Le climategate, ce faux scandale survenu il y a 10 ans cette semaine, n’a certainement pas affaibli la science du climat. Mais il a peut-être suffisamment détourné l’attention à l’époque pour avoir un impact politique.
Le 19 novembre 2009, un peu plus d’un millier de courriels étalés sur 13 ans, provenant d’échanges entre des climatologues de deux importants centres de recherche, un britannique et un américain, étaient dévoilés par un pirate informatique. Les mouvements climatosceptiques ont immédiatement prétendu que ces courriels révélaient l’existence d’un « complot » pour « dissimuler la vérité », une affirmation qu’ils appuyaient sur trois extraits sortis de leur contexte —et dont la véritable signification s’avèrerait rapidement n’avoir rien à voir avec un complot. Dans les deux années qui suivirent, pas moins de neuf enquêtes sur deux continents furent lancées, par les universités des chercheurs concernés, par des organismes subventionnaires et, dans deux cas, par des élus, ceux d’un comité du parlement britannique et ceux d’un comité du Congrès américain. Dans les neuf cas, les enquêtes conclurent à un « faux scandale » et à l’absence de faits pour incriminer qui que ce soit de quelque malversation que ce soit.

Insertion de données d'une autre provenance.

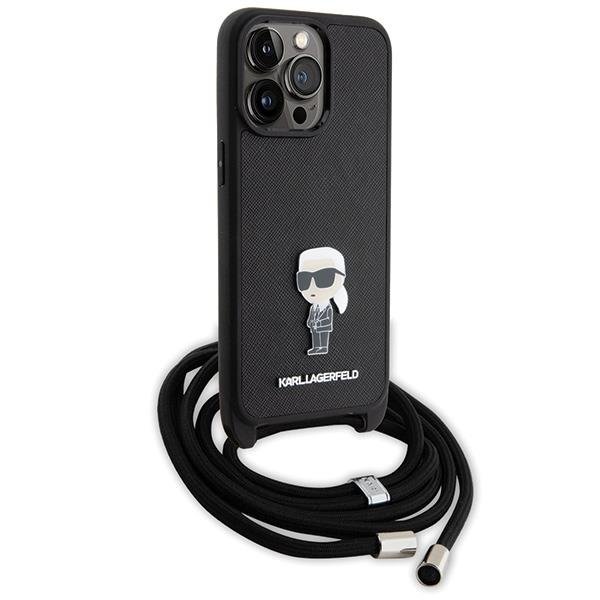 Чехол CG Mobile Lagerfeld Crossbody Saffiano для iPhone 15 Pro Max чёрный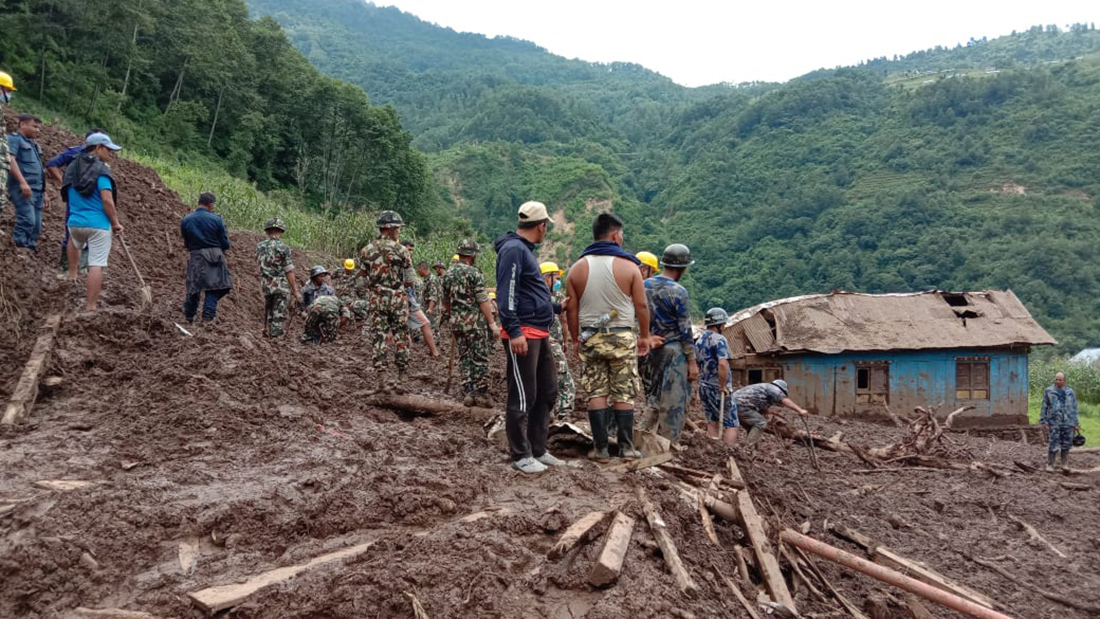 फुल्पिङकट्टी पहिरोमा मर्नेको सङ्ख्या पाँच
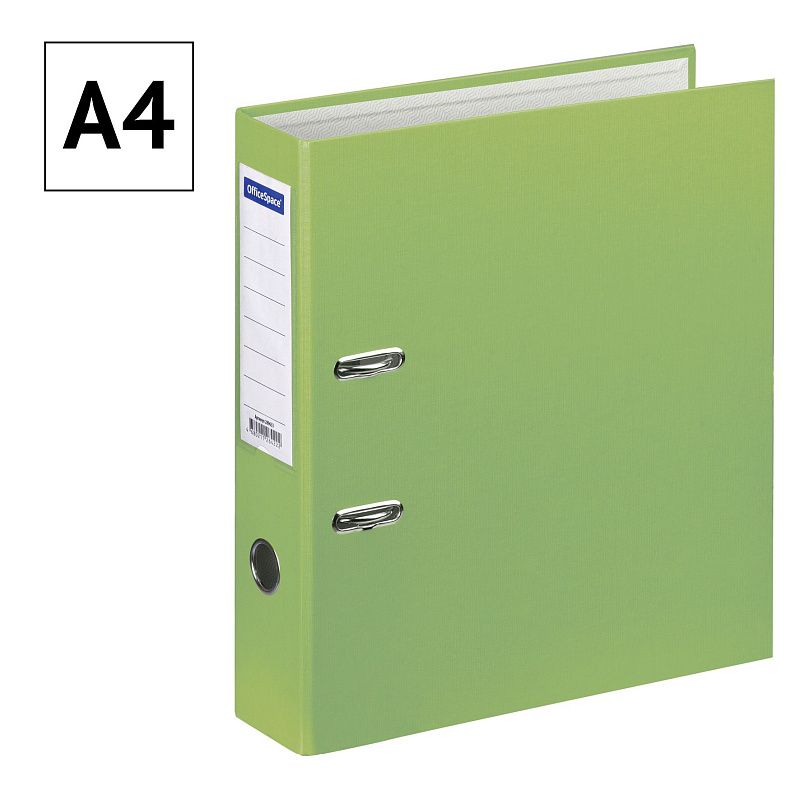 Папка-регистратор OfficeSpace, 70мм, бумвинил, с карманом на корешке, фисташковая 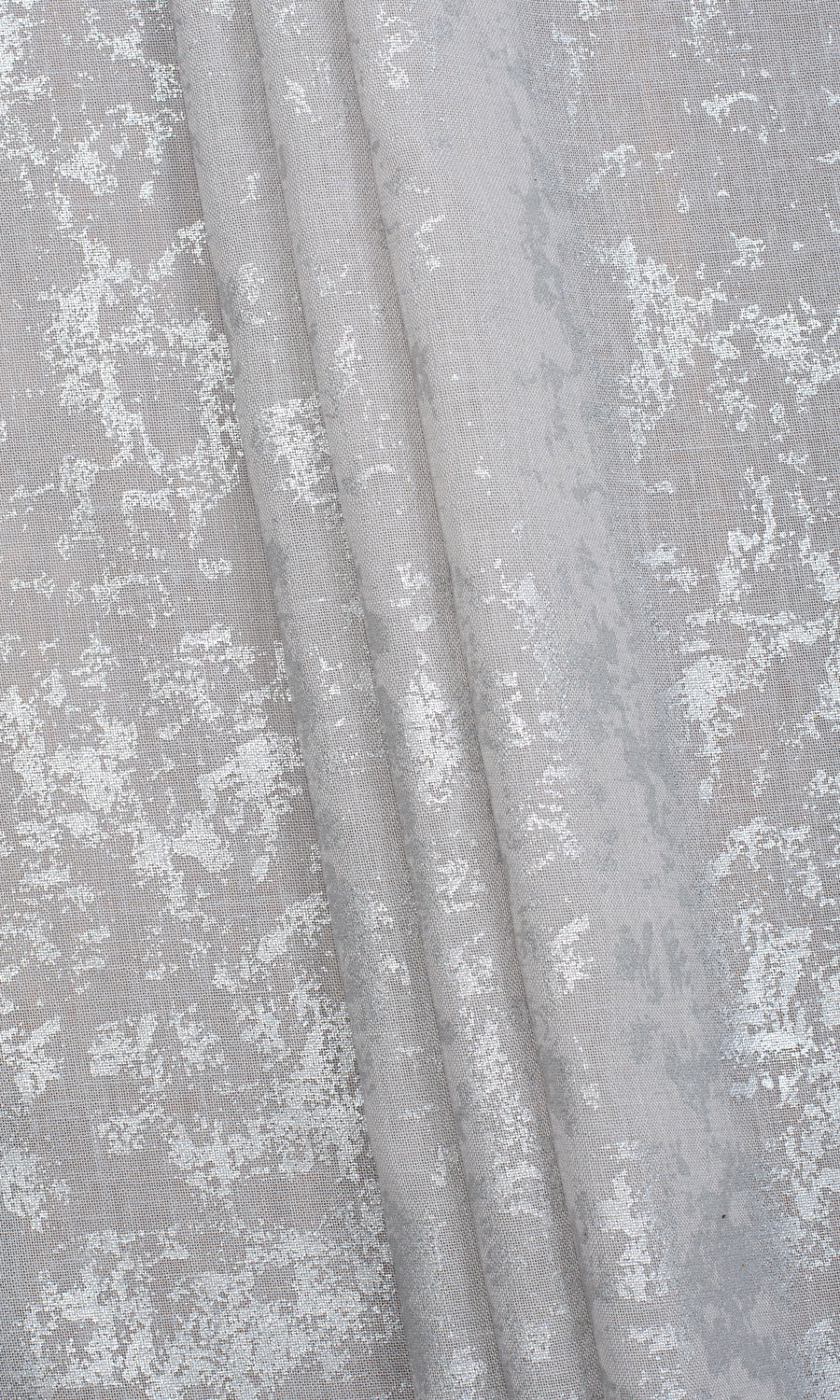 Metallic Accents Sheer Fabric Material By the Yard (Gray)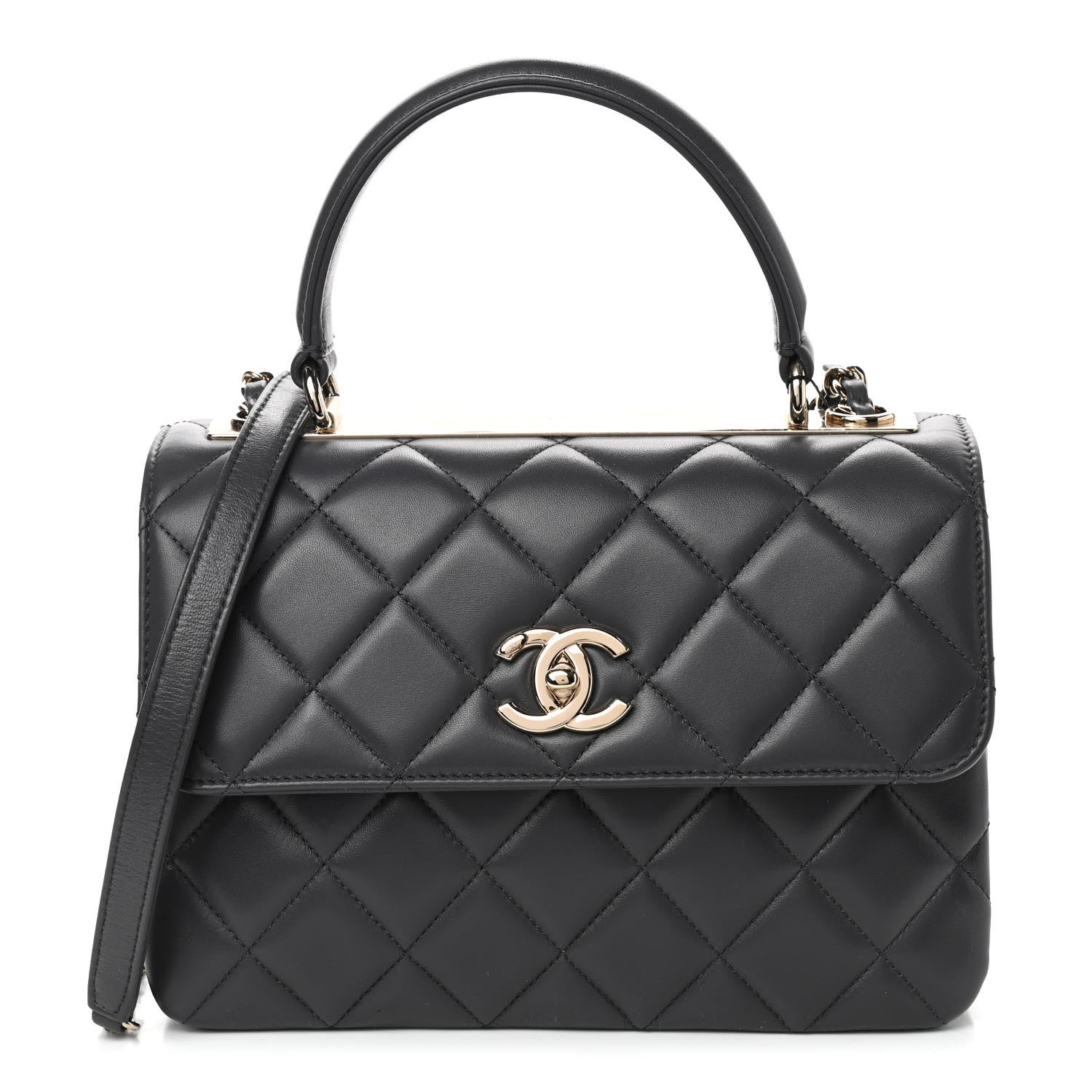 Chanel Lambskin Quilted Small Trendy CC Dual Handle Flap Bag Dark Grey 1 of 11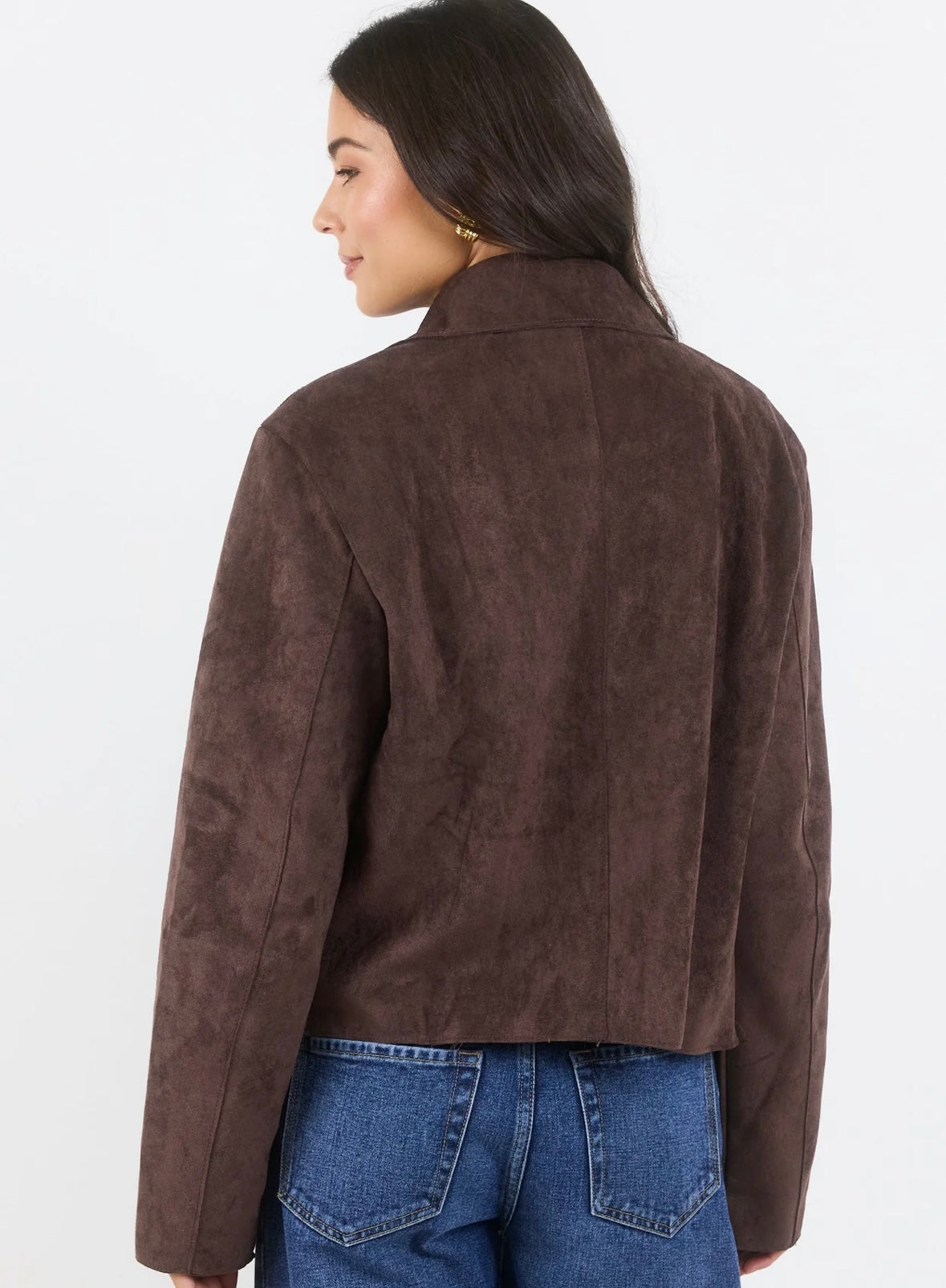 Among the Brave - Exhibit Faux Suede Cropped Jacket - chocolate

Mais sur le coup, ces courriels eurent un impact sur l’opinion publique, sur la couverture des négociations du climat dans certains médias — en particulier les médias campés les plus à droite — et sur les décideurs politiques. On était alors à moins d’un mois de la conférence annuelle des Nations Unies sur le climat qui, tenue à Copenhague, était censé accoucher — ou non — d’une entente pour un traité devant succéder au Protocole de Kyoto. La conférence est, depuis, souvent pointée du doigt comme ayant été un échec, et l’influence qu’a eu ce faux scandale continue d’être débattue 10 ans plus tard: pour les uns, la conférence était de toutes façons vouée à l’échec, les vents (qui semblaient favorables à une entente sur le climat au milieu des années 2000) ayant tourné dans la mauvaise direction. Pour les autres, le climategate a donné juste assez de carburant aux opposants pour se faire entendre sur la place publique pendant ces quelques semaines cruciales. Selon le Britannique Bob Ward, directeur des politiques à l’Institut Grantham de recherche sur le climat et l’environnement, interrogé cette semaine par The Guardian:
« Les politiciens de droite, alliés aux compagnies du secteur des carburants fossiles, ont utilisé leur influence pour répandre de fausses informations sur ces courriels et pour se battre contre des politiques de réduction des fossiles… Je suis sûr qu’ils feraient encore la même chose aujourd’hui. »
Ce fut par contre, pour plusieurs, une leçon de vulgarisation 101: les climatologues, leur ont reproché des professionnels de la communication dans les mois qui ont suivi, ont été trop nombreux à regarder de haut cette histoire, à nier qu’elle puisse avoir un impact, à rejeter l’idée qu’ils puissent manquer de transparence dans leurs communications auprès du public, et donc à ne pas voir la nécessité de répondre.
Et le fait est que, 10 ans plus tard, ni les neuf enquêtes ni le déboulonnage des citations sorties de leur contexte n’empêchent des climatosceptiques de continuer de proclamer que le Britannique Phil Jones ou l’Américain Michael Mann étaient des fraudeurs. En l’absence de preuve, ils ne peuvent en parler qu’entre eux, tandis que les preuves d’un climat en train de changer continuent de s’accumuler, mais ils contribuent peut-être, à leur façon, à détourner une partie de l’attention.